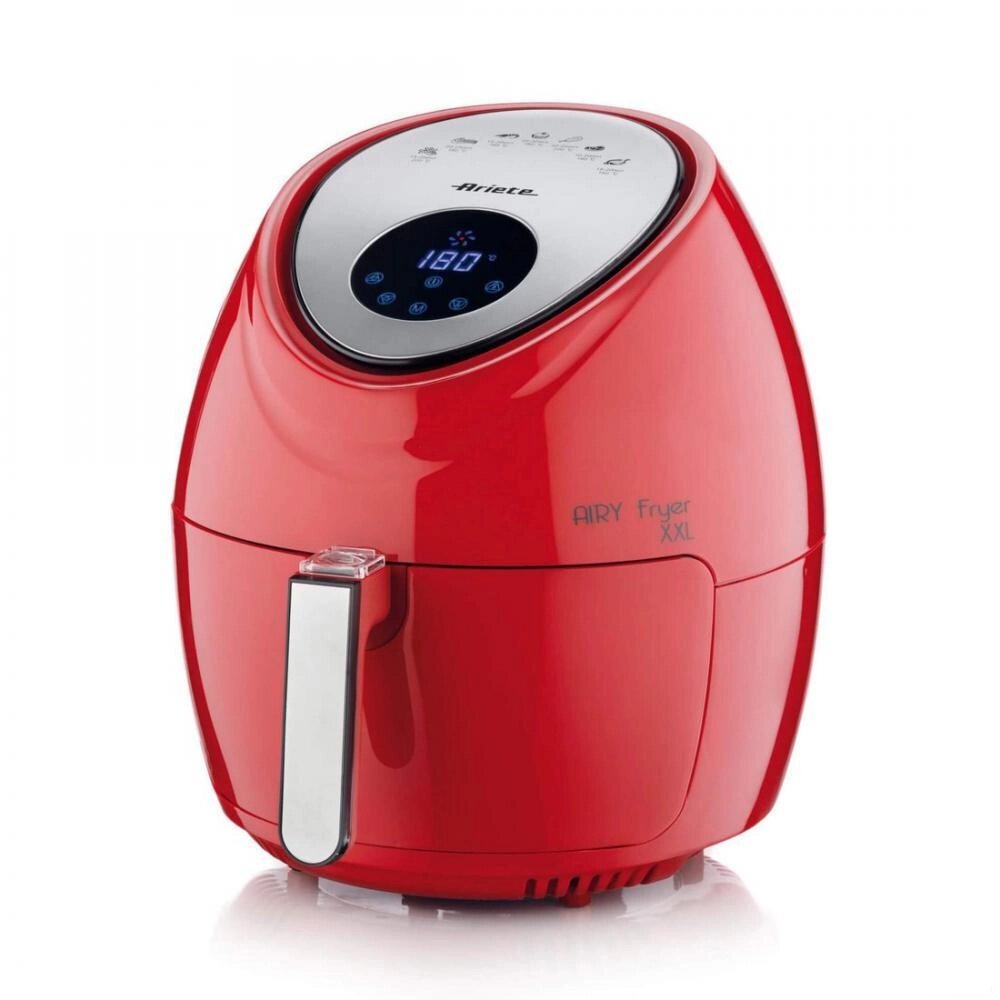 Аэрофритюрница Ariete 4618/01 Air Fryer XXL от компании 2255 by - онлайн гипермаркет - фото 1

━━━━━━━━━━━━━━━━━━━━

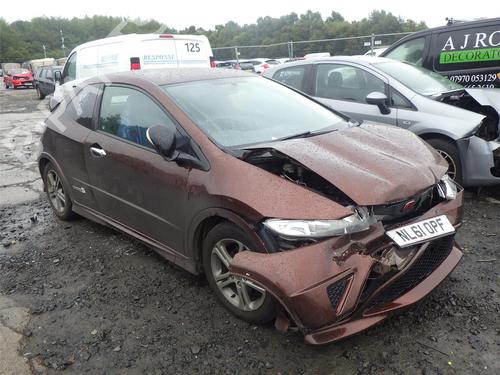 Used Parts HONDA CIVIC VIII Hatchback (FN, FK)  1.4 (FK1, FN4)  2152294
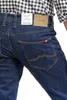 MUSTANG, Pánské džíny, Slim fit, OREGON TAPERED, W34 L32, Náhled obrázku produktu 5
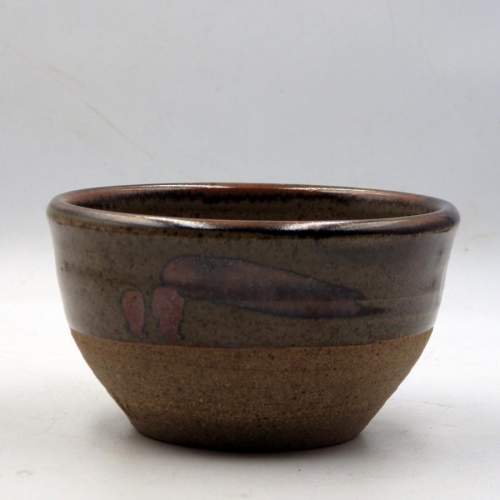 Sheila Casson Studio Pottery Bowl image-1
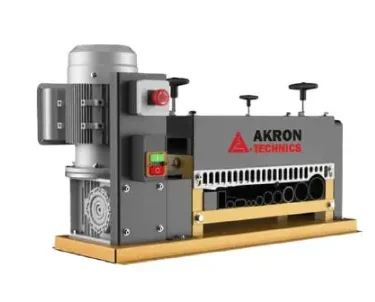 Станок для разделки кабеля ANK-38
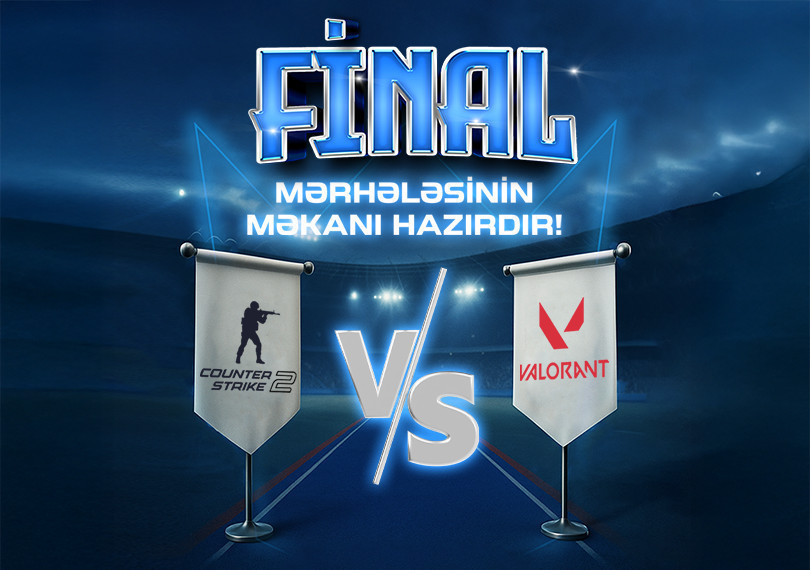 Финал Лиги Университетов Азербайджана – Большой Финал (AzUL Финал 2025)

━━━━━━━━━━━━━━━━━━━━

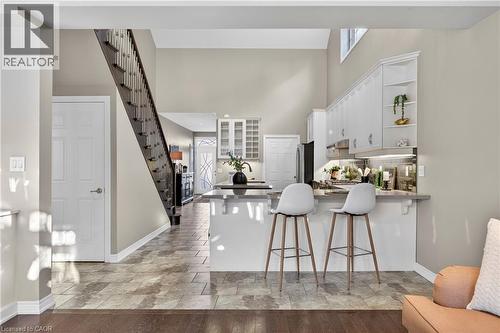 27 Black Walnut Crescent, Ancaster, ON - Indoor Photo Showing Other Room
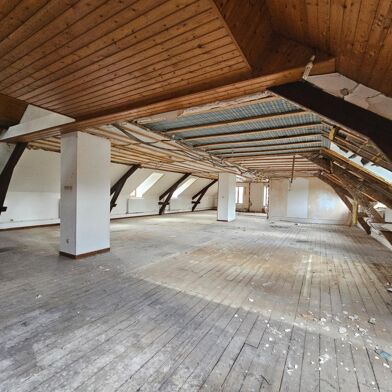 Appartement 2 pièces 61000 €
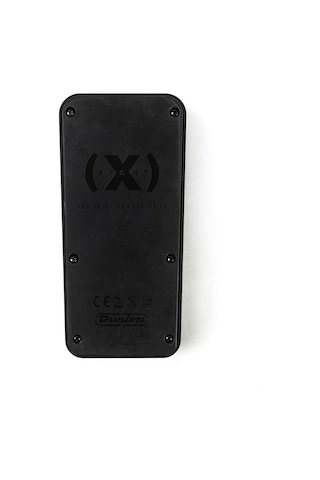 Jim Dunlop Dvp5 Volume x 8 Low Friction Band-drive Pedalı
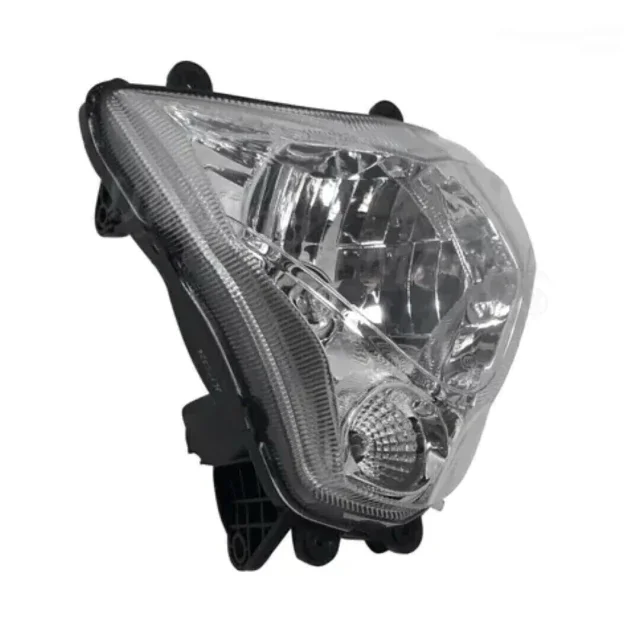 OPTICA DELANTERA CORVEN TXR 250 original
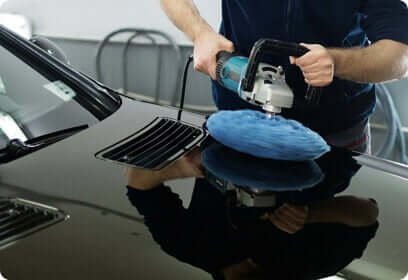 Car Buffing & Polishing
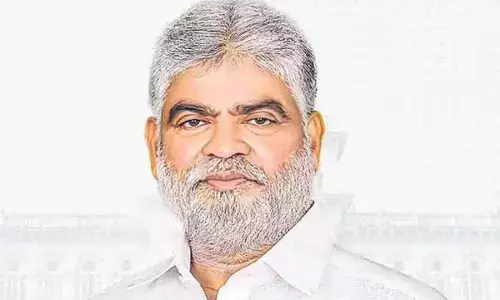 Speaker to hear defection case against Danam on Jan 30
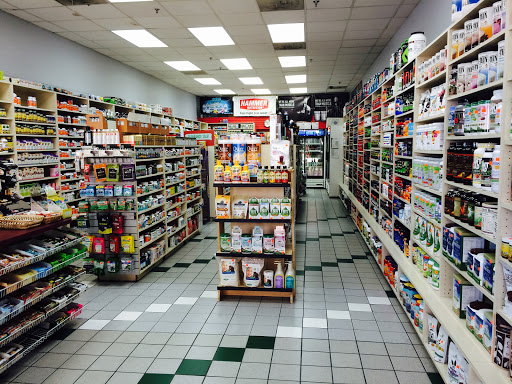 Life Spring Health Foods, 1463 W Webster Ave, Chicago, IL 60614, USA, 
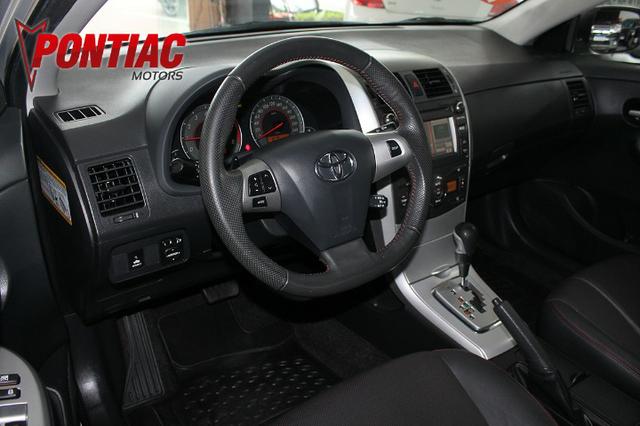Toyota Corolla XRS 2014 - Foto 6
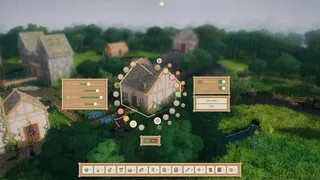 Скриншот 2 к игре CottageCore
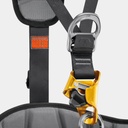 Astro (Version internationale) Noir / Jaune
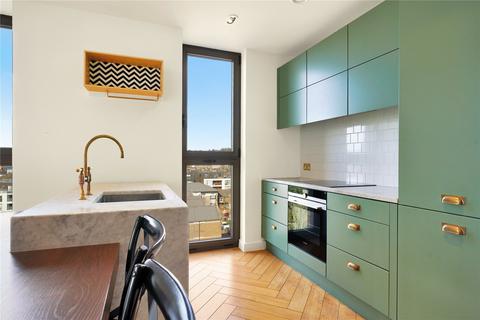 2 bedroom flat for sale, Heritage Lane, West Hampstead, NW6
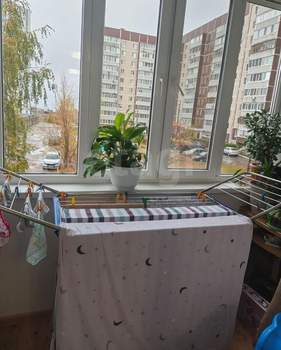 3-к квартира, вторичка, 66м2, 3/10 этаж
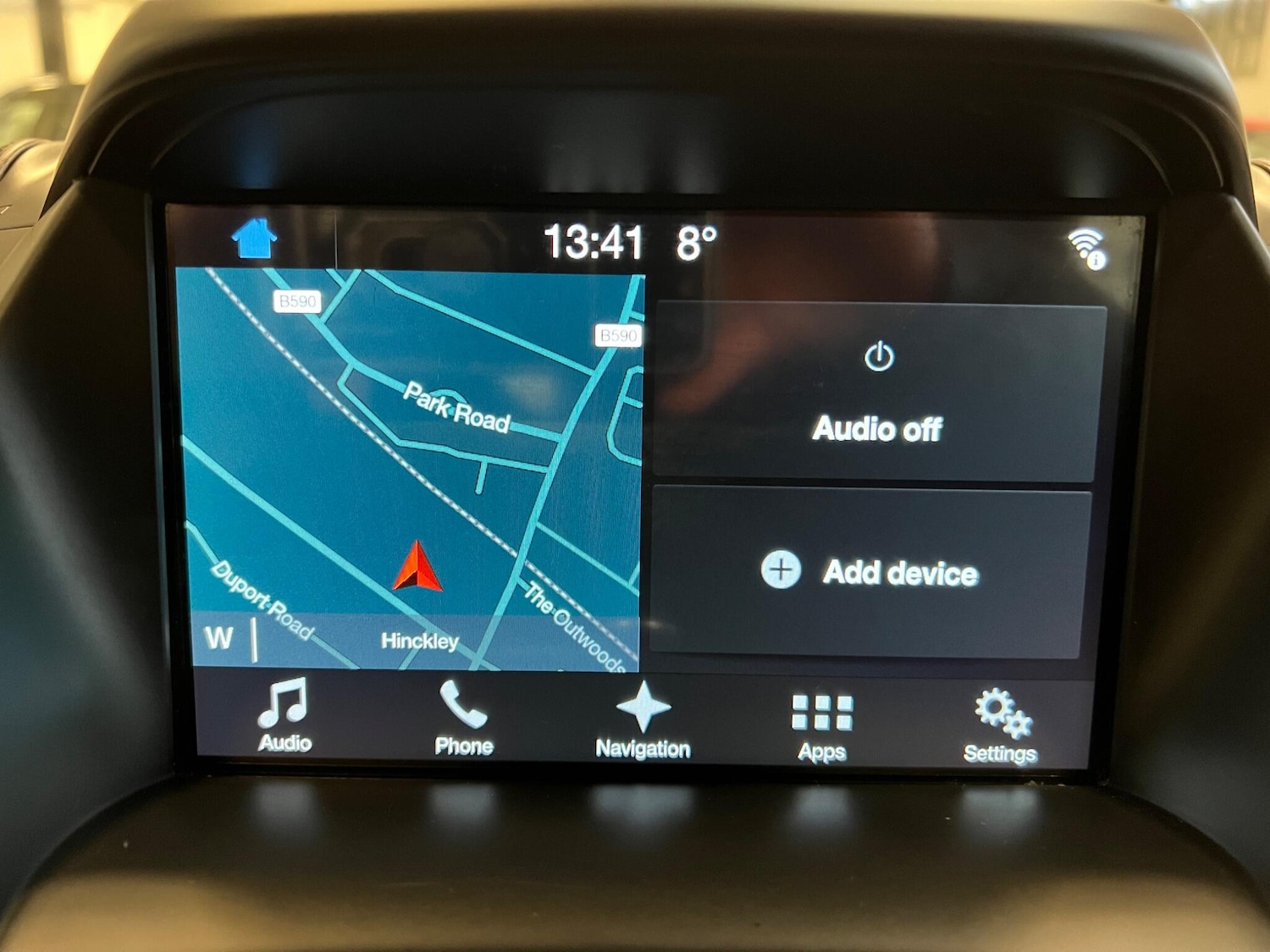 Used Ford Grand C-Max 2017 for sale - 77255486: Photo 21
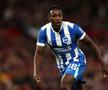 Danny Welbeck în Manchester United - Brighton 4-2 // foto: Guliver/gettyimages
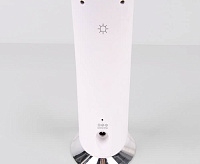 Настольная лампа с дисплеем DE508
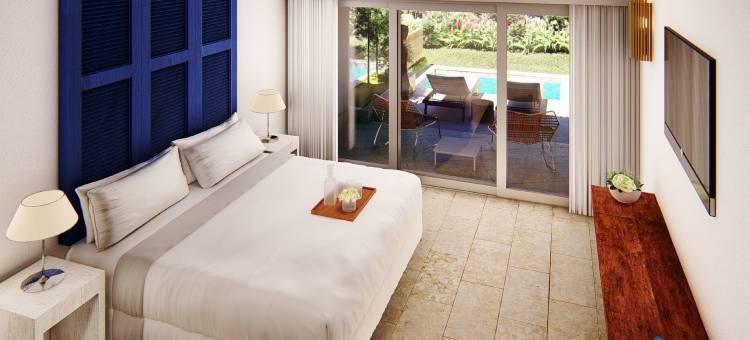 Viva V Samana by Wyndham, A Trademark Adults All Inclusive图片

━━━━━━━━━━━━━━━━━━━━

### TASK DESCRIPTION
Retype, exactly and with no pictures, everything above from the line with "Appartement 2 pièces 61000 €" down to the line with "Toyota Corolla XRS 2014 - Foto 6", both included.

### FINAL ANSWER
 Appartement 2 pièces 61000 €
 Jim Dunlop Dvp5 Volume x 8 Low Friction Band-drive Pedalı
 OPTICA DELANTERA CORVEN TXR 250 original
 Car Buffing & Polishing
 Speaker to hear defection case against Danam on Jan 30
 Life Spring Health Foods, 1463 W Webster Ave, Chicago, IL 60614, USA, 
Toyota Corolla XRS 2014 - Foto 6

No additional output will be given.